# linear regression - polynomial of higher degree with one hot encoding

I am trying to fit a hypothesis to my data in order to predict the duration for a certain event.

My data is strictly categorical and I used one-hot encoding for all features.

After using one-hot encoding the dataset now has the dimensions 20.000x414.

After plotting the training and cross validation error as a function of the training set size, I know that my hypothesis suffers from a high bias.

I thought about using a polynomial of higher order but that would not make any difference because all of my features are either '0' or '1'.

Is that assumption correct?

You wrote:

I thought about using a polynomial of higher order
but that would not make any difference
ecause all of my features are either '0' or '1'.

Is that assumption correct?


Your hypothesis (as I understand it):

If one makes a polynomial fit to data that only contains the values "0" and "1", then a first order polynomial (line) is going to be no more or less effective than an $n^{th}$ order polynomial where $n \ge 2$ because my values are only 1 and zero.

Question:
Can a polynomial function on the corners of a unit hypercube give better classification accuracy than a linear function?

My approach:
You can think of your data as a existing on the corners of a unit hypercube of dimension equal to the number columns.

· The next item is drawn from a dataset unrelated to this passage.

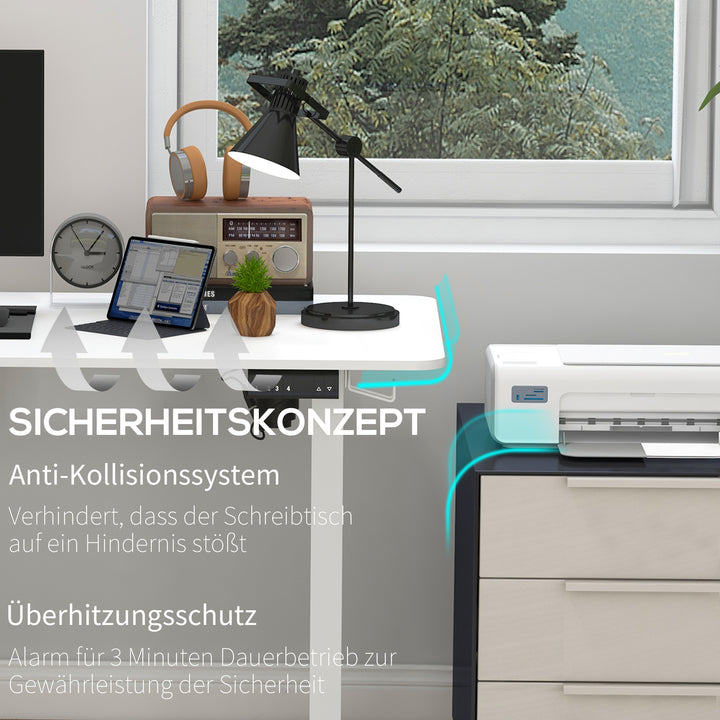 Ståbord, højdejusterbart computerbord, 140 cm x 70 cm x 116 cm, hvid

You are wanting to see if you can make a surface through that cube such that points at corners on one side tend to be 1, and on the other side of the surface tend to be 0.

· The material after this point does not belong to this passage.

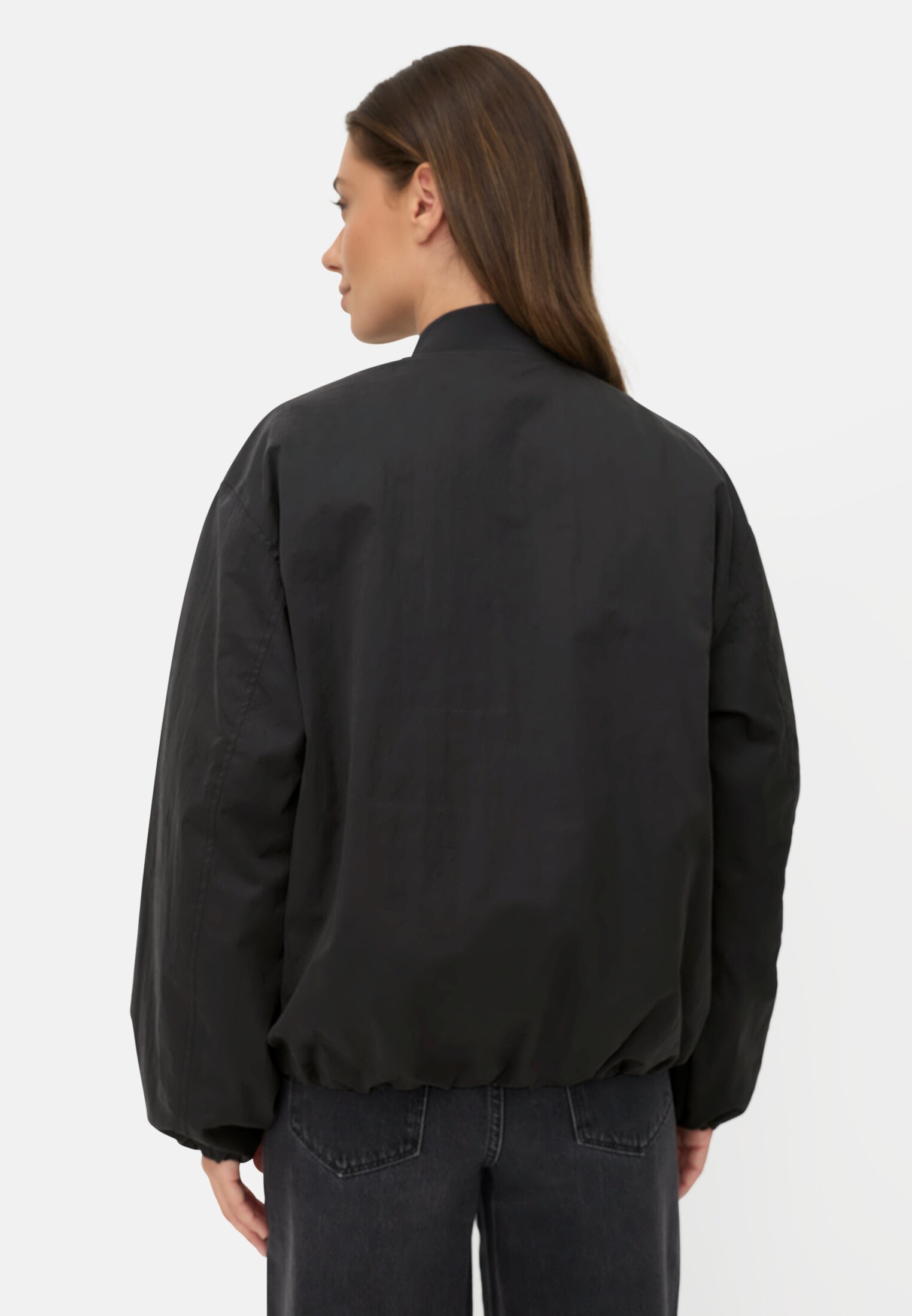 Women Padded bomber jacket in oversized fit Black worn back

Can I come up with a polynomial surface that will give better dispositioning than a hyperplane?

The curvature gives advantage if there is an idea of interior. If I can rotate the space, then I could solve the 2d-xor problem with a polynomial, while it has been proved that it requires two separate "perceptrons" (planar cuts of the space). I can't do it in 2d unless I can make a function like $z \left( x,y \right)$.

I can do that. I think that is part of how SVD gets its "powers". Rotation or parametric expressions are allowed.

The assumption is not correct. If you have two features $$A$$ and $$B$$, polynomial features of degree 2 will add new features $$A^2$$, $$B^2$$, and $$AB$$ into your dataset. If $$A$$ and $$B$$ are binary features, $$A^2$$, $$B^2$$ will not make a difference as you said, but $$AB$$ will make a difference, it will be 1 when both $$A$$ and $$B$$ are one. This can help the learning algorithm if there is a relationship between $$AB$$ and the target.